For more information about monitoring processes and resolving issues, see the Operations Center online help.
In the illustration of the Overview page, the number 7 corresponds to the Activity area. Verify that the amount of data that was recently sent to and from servers is within the expected range.
  • To obtain an overview of activity in the last 24 hours, view the Activity area.
  • To compare activity in the last 24 hours with activity in the previous 24 hours, review the figures in the Current and Previous areas.
  • If more data was sent to the server than you expected, determine which clients are backing up more data and investigate the cause. It is possible that client-side data deduplication is not working correctly.
  • If less data was sent to the server than you expected, investigate whether client backup operations are proceeding on schedule.
In the illustration of the Overview page, the number 8 corresponds to the Pools area. Verify that storage pools are available to back up client data.

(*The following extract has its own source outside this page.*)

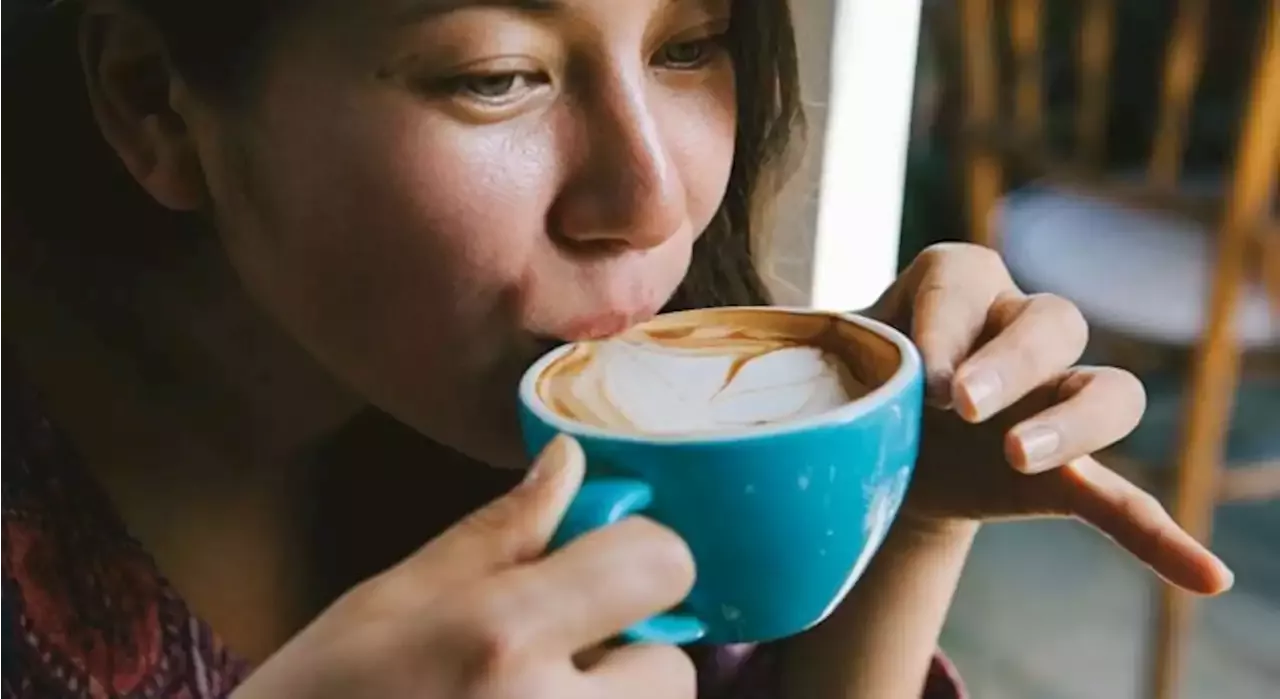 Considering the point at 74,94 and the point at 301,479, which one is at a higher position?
the point at 74,94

  1. If problems are indicated in the Storage & Data Availability area, click Pools to view the details:
    • If the Critical The icon is a circle with an X mark. status is displayed, insufficient space is available in the storage pool, or its access status is unavailable.

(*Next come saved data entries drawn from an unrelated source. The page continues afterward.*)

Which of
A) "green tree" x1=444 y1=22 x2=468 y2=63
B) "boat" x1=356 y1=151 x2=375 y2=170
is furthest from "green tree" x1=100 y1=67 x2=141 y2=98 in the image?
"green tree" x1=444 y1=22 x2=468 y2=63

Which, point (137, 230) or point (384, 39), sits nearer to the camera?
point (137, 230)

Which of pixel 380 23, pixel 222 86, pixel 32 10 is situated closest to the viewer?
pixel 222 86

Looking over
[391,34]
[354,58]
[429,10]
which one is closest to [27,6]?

    • If the Warning The icon is a triangle with an exclamation mark. status is displayed, the storage pool is running out of space, or its access status is read-only.
  2. To view the used, free, and total space for your selected storage pool, hover over the entries in the Capacity Used column.

To view the storage-pool capacity that was used over the past two weeks, select a row in the Storage Pools table and click Details.

In the illustration of the Overview page, the number 9 corresponds to the Devices area.Verify that storage devices are available for backup operations. In the Storage & Data Availability area, click Devices to open the Storage Devices table. If a Critical The icon is a circle with an X mark. or Warning The icon is a triangle with an exclamation mark. status is displayed for any device, investigate the issue.
Tip: Devices might have a critical or warning status for the following reasons:
  • For DISK device classes, volumes might be offline or have a read-only access status.
  • For FILE device classes that are not shared, directories might be offline. Also, insufficient free space might be available for allocating scratch volumes.